# Quick Connectors / Backyard Pool...



## NorPlan (May 18, 2014)

:hide:I decided to go with Quick Connectors for the Backyard Pool...Of the total of 5 in use only 1 is still leaking..It just happens to be on the hose from the Pump to the Filter, right at the pump end..I tried moving the clamp up to tighten down over the grooved part of the neck, still dripping..Would an added clamp do the trick ?? Or am I missing something ??  Believe it or not when I turn the pump off wipe the connection off and let things dry in the sun, it doesn't leak..:help:


----------



## oldognewtrick (May 19, 2014)

Are you sure you don't have a cracked or split hose?


----------



## NorPlan (May 24, 2014)

oldognewtrick said:


> Are you sure you don't have a cracked or split hose?




  To avoid Cracked or Split Hose the Objective was going with Quick Connectors, kinda like a one time deal .. Just screw on the Hoses at the start of the season rather than slowly shortening the hose because I had to split the end to get the hose off the Pump or Filter in the Fall...Had thought of putting some Heat on the hose around the clamp but Mother Nature gave me a couple good days of Direct Sunlight on the Pump & Filter..All is Good...Cheers..:beer:


----------



## Wuzzat? (May 24, 2014)

NorPlan said:


> Of the total of 5 in use only 1 is still leaking..


A 20% failure rate is pretty bad.  With this high of a rate it must be due to external factors: your particular application or something you are doing.  

Try teflon tape underneath, another clamp, a tighter clamp or epoxy.  

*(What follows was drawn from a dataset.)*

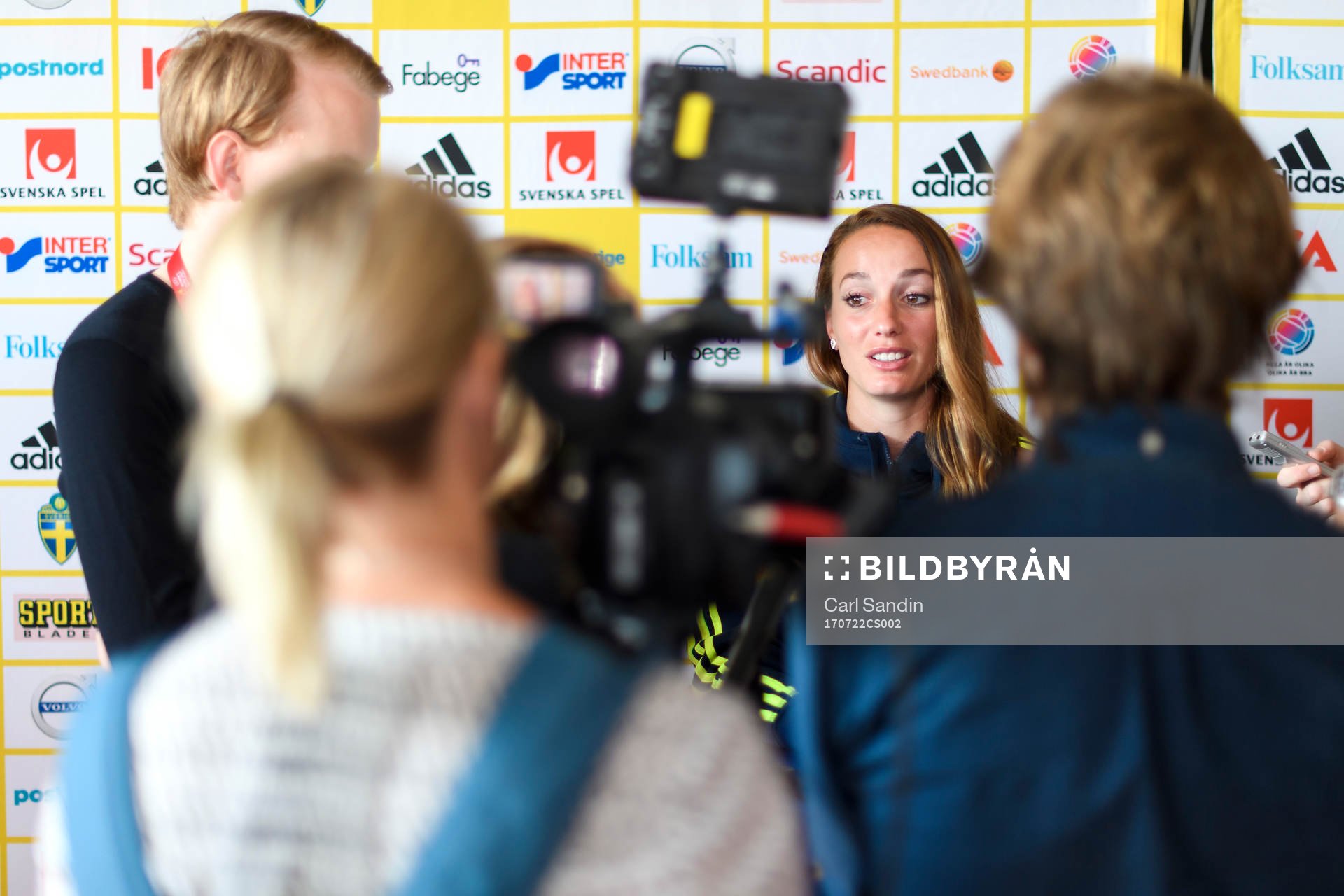 Kosovare Asllani blir intervjuad på en pressträff med det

For a quick fix do all at once but to find the problem do one at a time and see.

For more specific help please post a link to this product.

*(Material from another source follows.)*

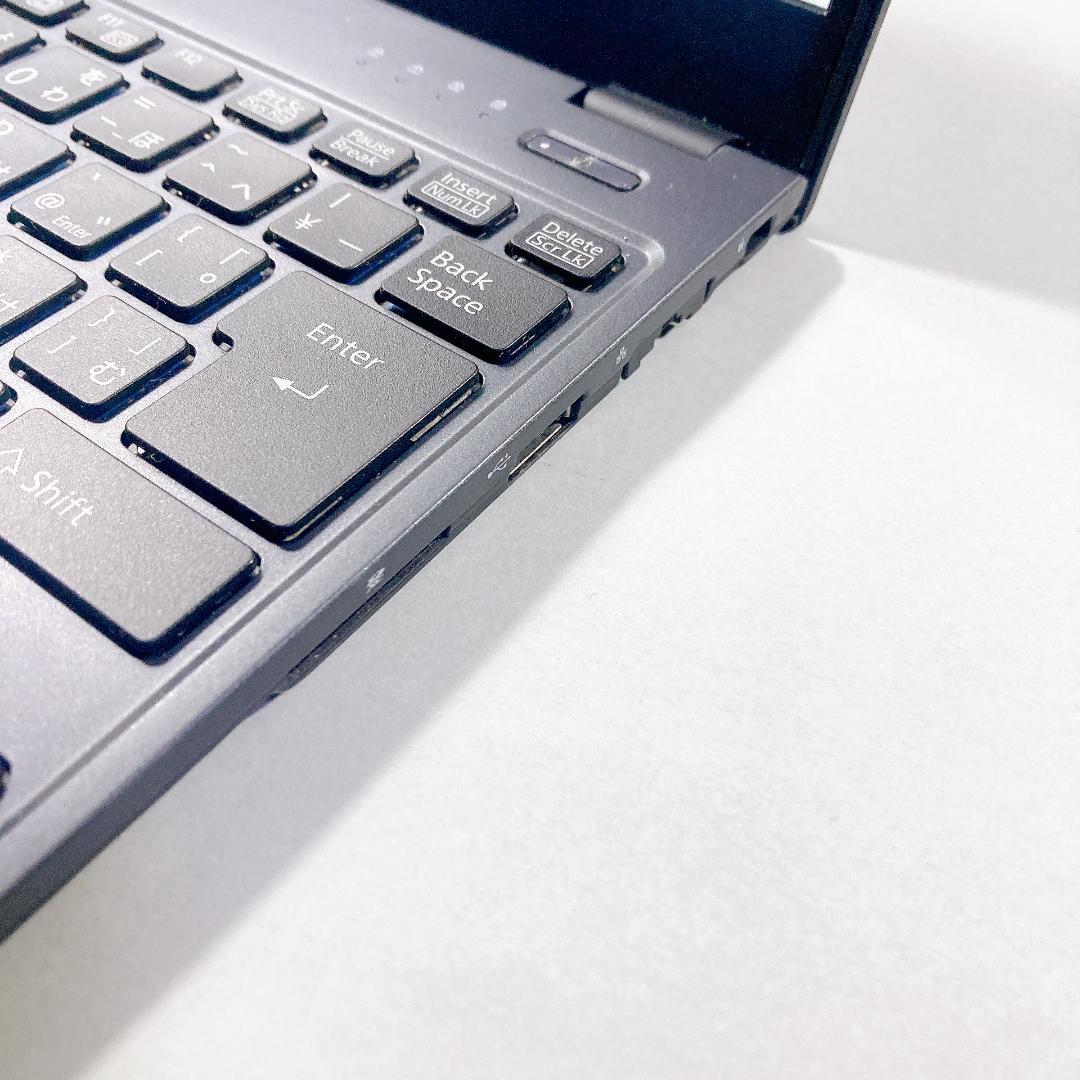 w130✨軽量・超薄型/爆速 SSD新品 /Office付✨すぐ使えるノートPC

From your last post seems like the hoses were not pliable enough which should be fixed by a gasket or some sealant that remains flexible.


----------



## slownsteady (May 24, 2014)

> From your last post seems like the hoses were not pliable enough which should be fixed by a gasket or some sealant that remains flexible.



Always soak the end of the hose in hot water before pushing the fitting in. Makes it much more pliable.


----------



## Wuzzat? (May 25, 2014)

slownsteady said:


> Always soak the end of the hose in hot water before pushing the fitting in. Makes it much more pliable.

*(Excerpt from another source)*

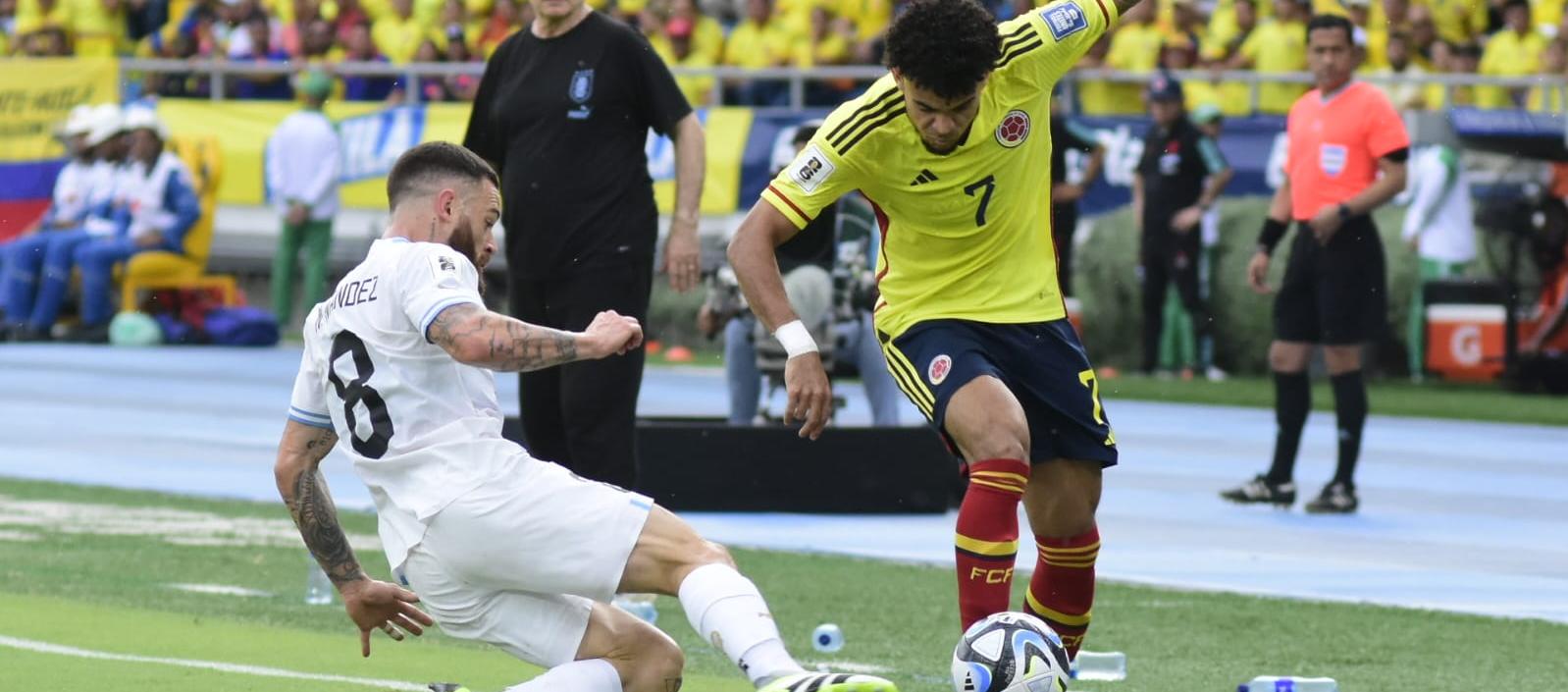 Luis Díaz en un duelo con el lateral uruguayo Nahitan Nández.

Do the fitting instructions say this?  I'm not sure the average Harry Homeowner would know to do this.


----------



## NorPlan (May 25, 2014)

Wuzzat? said:


> Do the fitting instructions say this?  I'm not sure the average Harry Homeowner would know to do this.




:trophy:  Before Mother Nature gave me the Couple Days of Direct Sunlight, had thought of Sneaking out of the House with the Wife's Hair Dryer. .. Definitely the Hoses are not really Pliable Enough...Things are Running Smoothly , can't find the Thermostat yet so don't know the Pool Water Temp..  . Cheers Thanks


----------



## slownsteady (May 25, 2014)

> Do the fitting instructions say this? I'm not sure the average Harry Homeowner would know to do this.



That's why we're here.


----------



## Wuzzat? (May 26, 2014)

slownsteady said:


> That's why we're here.


I just do it for the big bucks this place pays me. . .


----------